**What is expected:** With the images removed, transcribe the listing that follows exactly.

**Data for this exercise:**
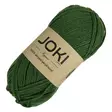 Akryylilanka Joki Kymi 100g Metsänvihreä - Akryylilangat - 6438159386449 - 1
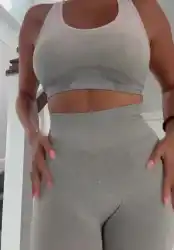 backgroud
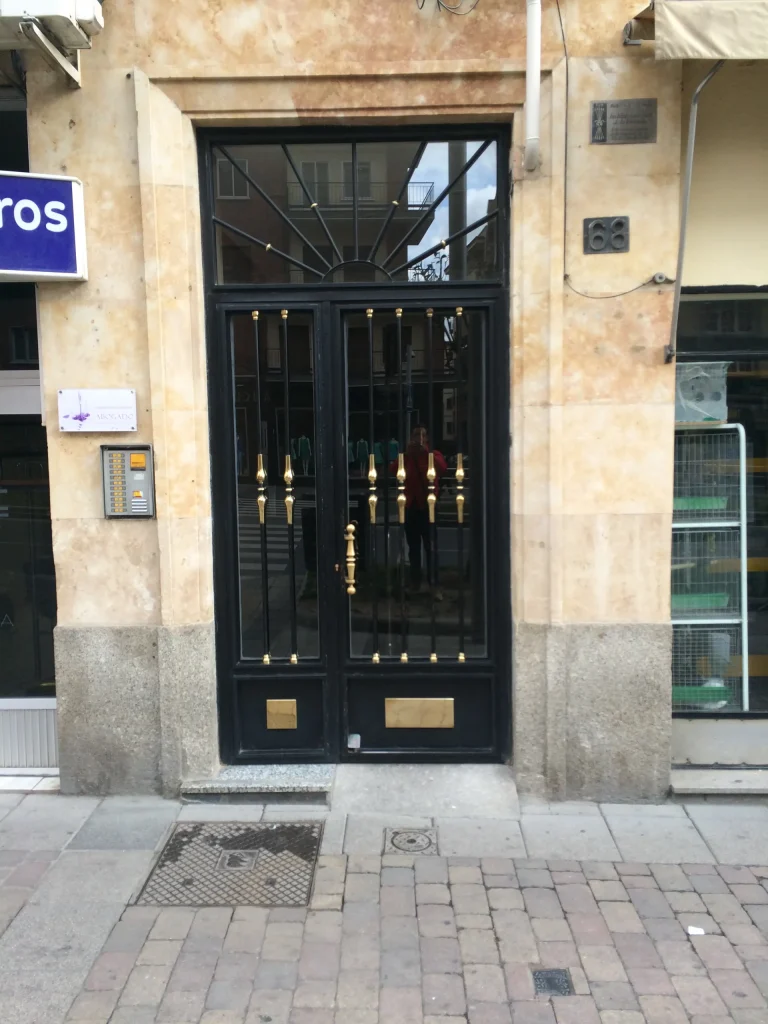 accesibilidad.2025-12.25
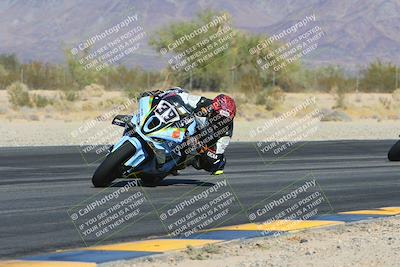 media/Dec-01-2024-TrackXperience (Sun) [[fa1e166fcf]]/Level 3/Session 4 (Turn 7 Inside)/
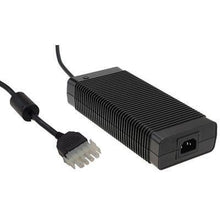 GC330A36-C4P - MEANWELL POWER SUPPLY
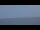Webcam auf der AIDAmar, 80 km entfernt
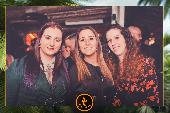 VIPERA - TROPICAL - 12/03/2019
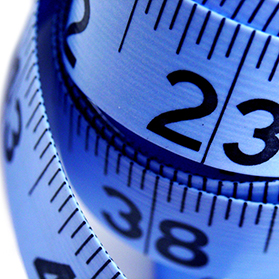 Pregnant with Twins? Weight Facts You Need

**Output:**
 Akryylilanka Joki Kymi 100g Metsänvihreä - Akryylilangat - 6438159386449 - 1
 backgroud
 accesibilidad.2025-12.25
 media/Dec-01-2024-TrackXperience (Sun) [[fa1e166fcf]]/Level 3/Session 4 (Turn 7 Inside)/
 GC330A36-C4P - MEANWELL POWER SUPPLY
Webcam auf der AIDAmar, 80 km entfernt
 VIPERA - TROPICAL - 12/03/2019
 Pregnant with Twins? Weight Facts You Need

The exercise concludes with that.